1

What's the most efficient (not prone to errors / "proper" in general) way (if exists) of handling data from files in C++, line by line? That is, only one line from a file will be used at a time to perform some lengthy calculations before moving to the next one. I've thought of following options but can't decide which one is more appropriate.
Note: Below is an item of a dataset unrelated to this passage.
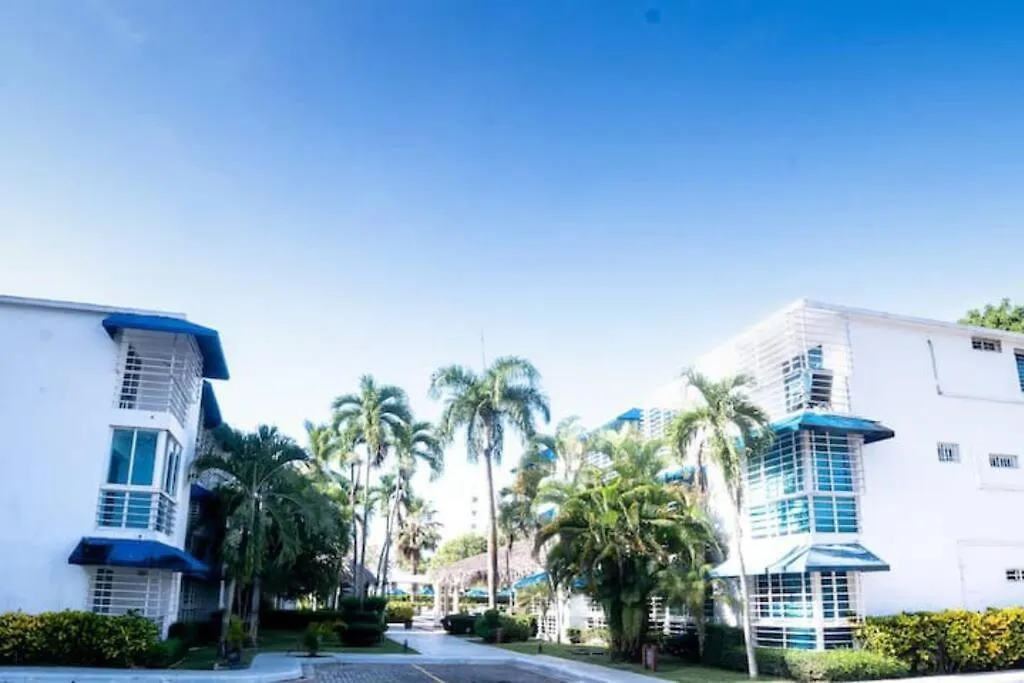 Apartamento Playa Juan Dolio, Rd-Acceso Privado A La Playa Justo Al Frente En 1Ra Linea, Areas Sociales, Bbq, Piscina, Gazebos-Parqueo-Wifi-Netflix-Al Lado De Minimarket, Restaurantes, Bares, Tiendas, Clubes De Playa, Campos De Golf, Bancos Comerciales Y Mas Guayacanes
  1. At the moment I'm doing something like (open, do all stuff, close at the end):

    string line; 
    fstream myfile;
    int numlines = 1000;
    myfile.open("myfile.csv");
    for(int i = 0; i < numlines; i++){
        getline(myfile, line); 
        // do something using read data
    };
    myfile.close();
    
  2. Open and close right after data is read (wouldn't hurt speed too much as calculations go much longer than data import):

    string line; 
    fstream myfile;
    int numlines = 1000;
    for(int i = 0; i < numlines; i++){
        myfile.open("myfile.csv");
        for(int j = 0; j < i+1; j++)
            getline(myfile, line); 
        myfile.close();
        // do something using read data
    };
    
  3. Read all data at once (would need to store in ~30x1000 2D array as line is split by commas into array):

    string line; 
    fstream myfile;
    int numlines = 1000;
    double data[numlines][30];
    myfile.open("myfile.csv");
    for(int i = 0; i < numlines; i++){
        getline(myfile, line);
        // split by comma, store in data[][]
    } 
    myfile.close();      
    for(int i = 0; i < numlines; i++){
        // do something using data[i][]
    };
    

Are there any pitfalls here or any of the above solutions is as good as any if it works? I'm thinking that maybe keeping file in open state for a few hours is not a good idea (maybe?), but keeping a large double 2D array in memory doesn't sound right as well...

sashkello
  • 17,306
  • 24
  • 81
  • 109
  • I'm *almost* tempted to vote to close as a duplicate of: http://stackoverflow.com/questions/1567082/how-do-i-iterate-over-cin-line-by-line-in-c/1567703, since I'd say iterating is really the correct answer to the question you asked. – Jerry Coffin May 07 '13 at 03:26

1 Answers1

5

Use 1 if you can. Use 3 if you must. Never use 2.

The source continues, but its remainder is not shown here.